Re: a neat picture based on recursive number

Posted: Fri Sep 21, 2018 2:59 am UTC
by phillip1882
https://ibb.co/bYDXKz

this one is green for squares or multiple of squares. this picture is after roughly 2000. i don't think posting the code is necessary, its fairly straight forward

Re: a neat picture based on recursive number

Posted: Sun Sep 23, 2018 9:37 pm UTC
by phillip1882
final one: the result after 200,000 approximately, it mostly just looks like a random plot
https://ibb.co/ff53Gp

Re: a neat picture based on recursive number

Posted: Mon Sep 24, 2018 8:47 am UTC
by Soupspoon
"Looks like a random plot" is at one end of a spectrum of expectations. "Looks exactly like it's what you put in" is at the other end.

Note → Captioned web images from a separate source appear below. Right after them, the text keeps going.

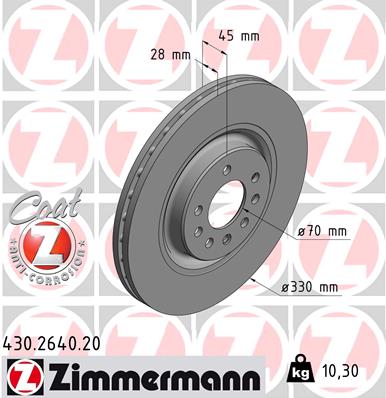 Discofreno - 430.2640.20 ZIMMERMANN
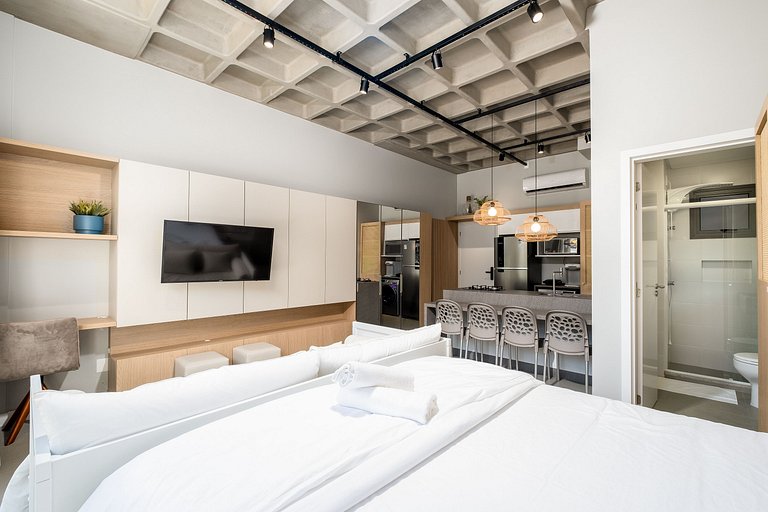 Studio moderno e agradável em Canasvieiras TPS209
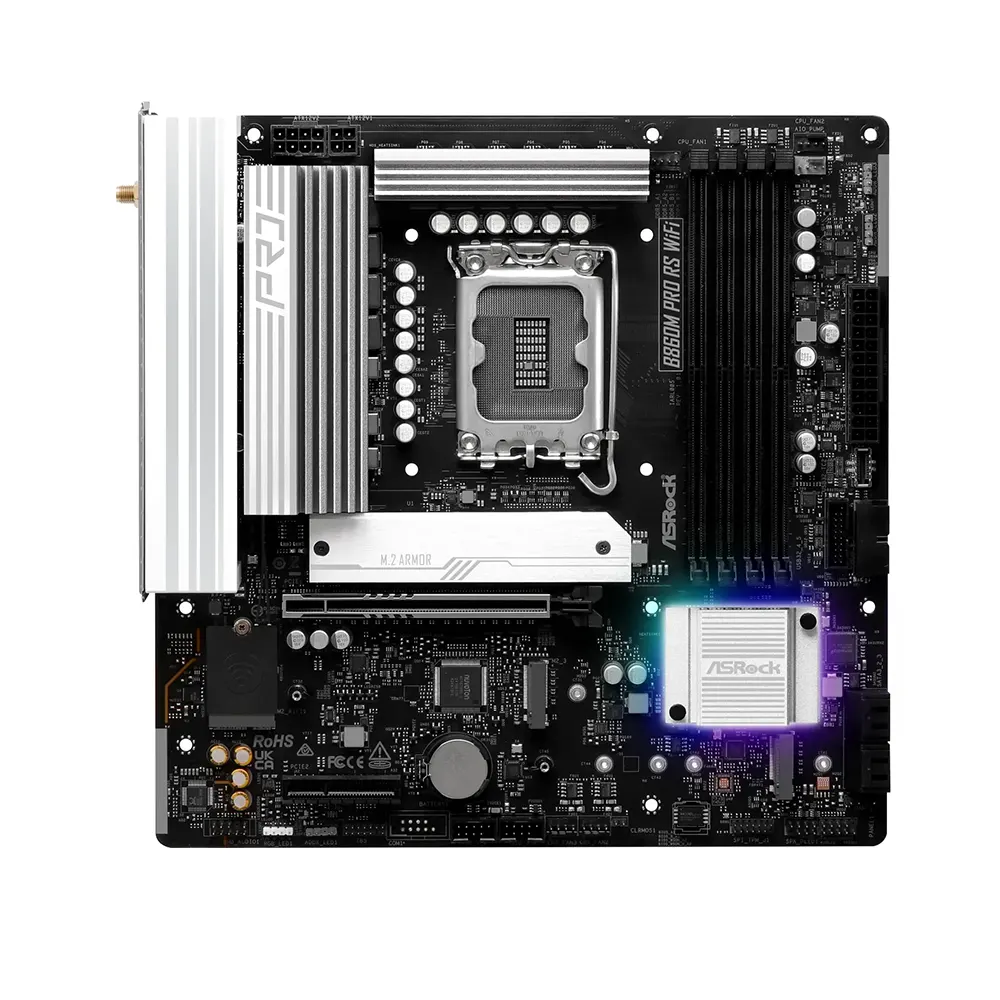ASRock B860M Pro RS WiFi, LGA1851, DDR5, Wi-Fi 6E Дънна платка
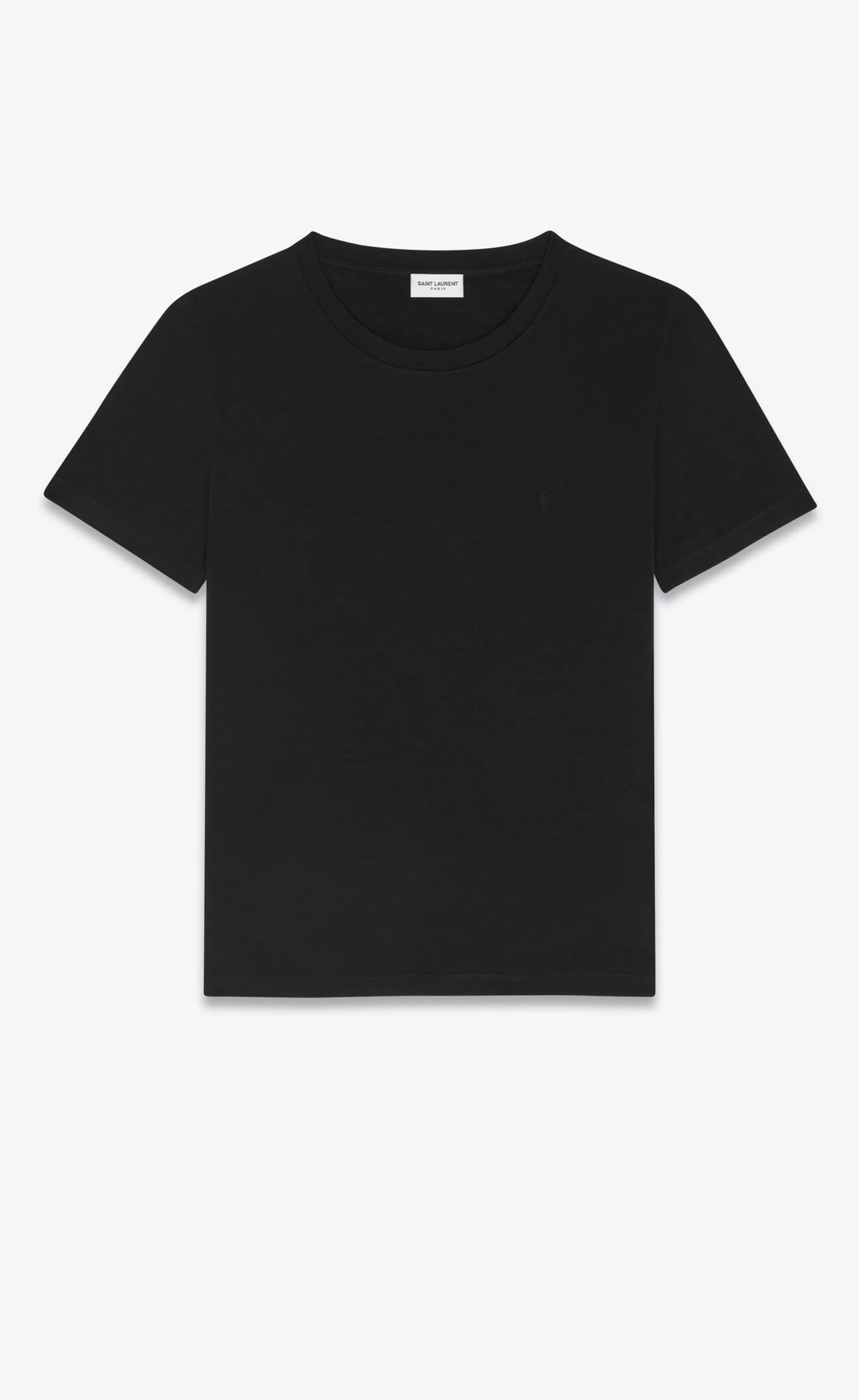 Women Saint Laurent JERSEY^CASSANDRE T-shirt In Wool Jersey | | YSL.com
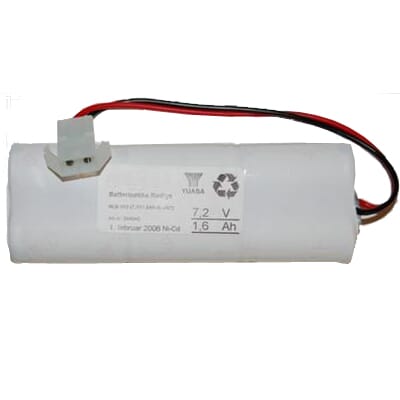 Batteripakke 7216-602, (7,2V - 1.6 Ah - Sx2 - JST)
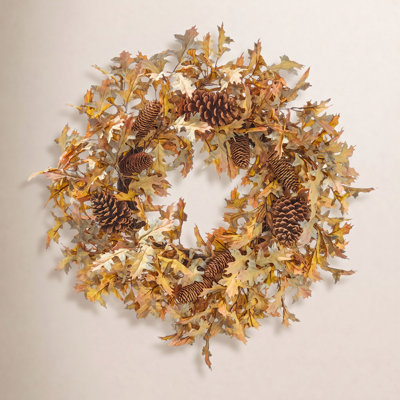 26" Autumn Maple Leaf Wreath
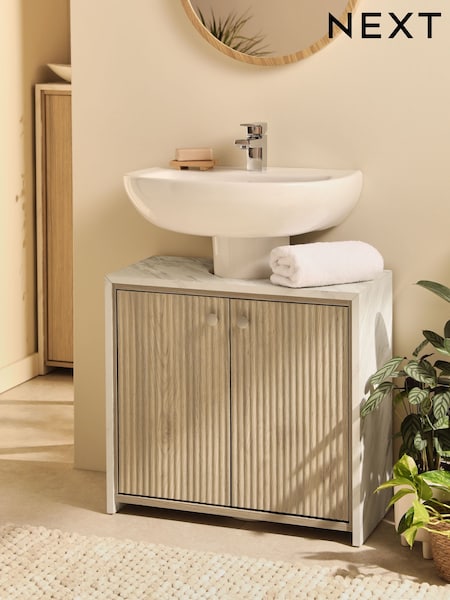 Natural Rib Kendrick Under Sink Storage Cabinet Unit (AT3629) | €183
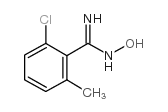 2-氯-N-羟基-6-甲基苯甲酰胺结构式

Unless you're looking for that kind "procedural fuzziness" output to produce (reproducable, arbitrarily detailed 'naturalistic' distribtions at will, the more interesting ones are in the middle. They don't look "random" but they have no obvious relationship with the specification chosen to produce them. Like seeding a Perlin Noise and somehow getting the impression of scrawled 'letter' shapes saying "This was just the first death!! I shall kill again!!!!".as a result.

That said, I like what you're looking at. I assume you already knew about the likes of the Dragon Curve, BTW?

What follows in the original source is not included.